---------- SOURCE DATA ----------

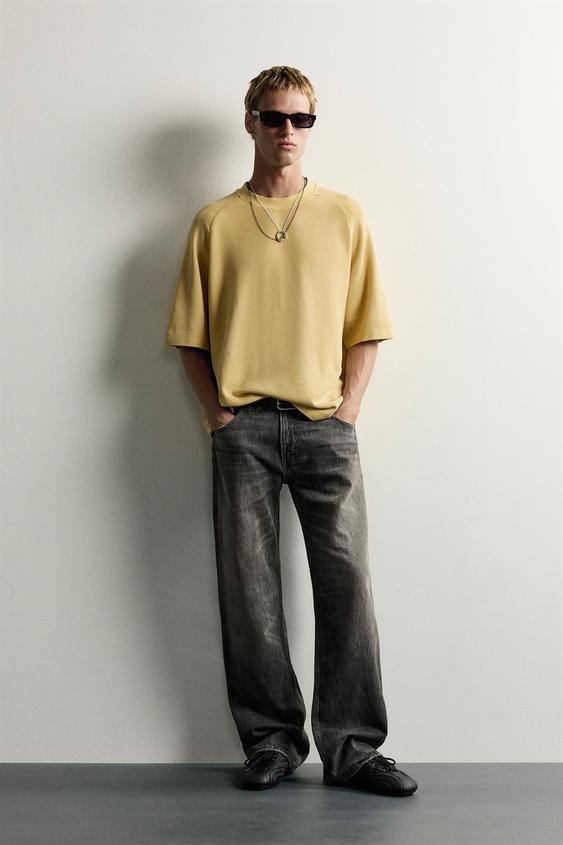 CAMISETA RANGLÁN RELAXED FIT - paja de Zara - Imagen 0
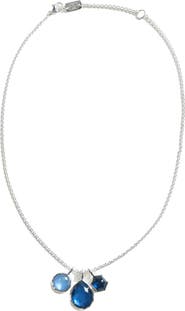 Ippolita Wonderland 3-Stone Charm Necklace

----------
---------- SOURCE DATA ----------

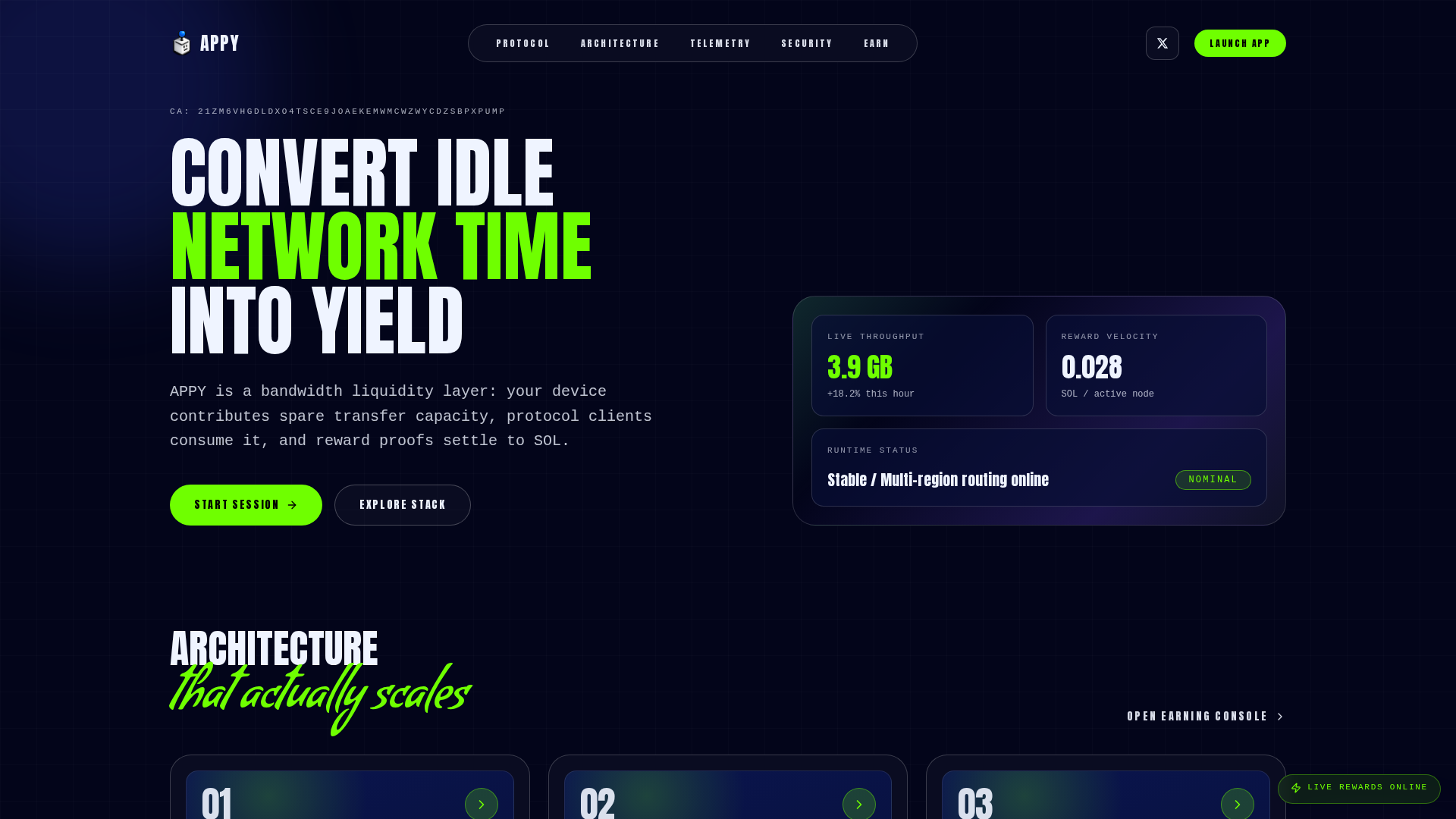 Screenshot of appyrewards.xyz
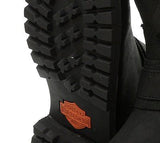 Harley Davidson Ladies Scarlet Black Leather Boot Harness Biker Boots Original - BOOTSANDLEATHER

----------

▸ PROBLEM DETAILS
Repeat, word for word, the lines of the material above from the one holding "Screenshot of appyrewards.xyz" through the one holding "Harley Davidson Ladies". Leave out pictures.

▸ RESULT OF THE TASK
 Screenshot of appyrewards.xyz
 Harley Davidson Ladies Scarlet Black Leather Boot Harness Biker Boots Original - BOOTSANDLEATHER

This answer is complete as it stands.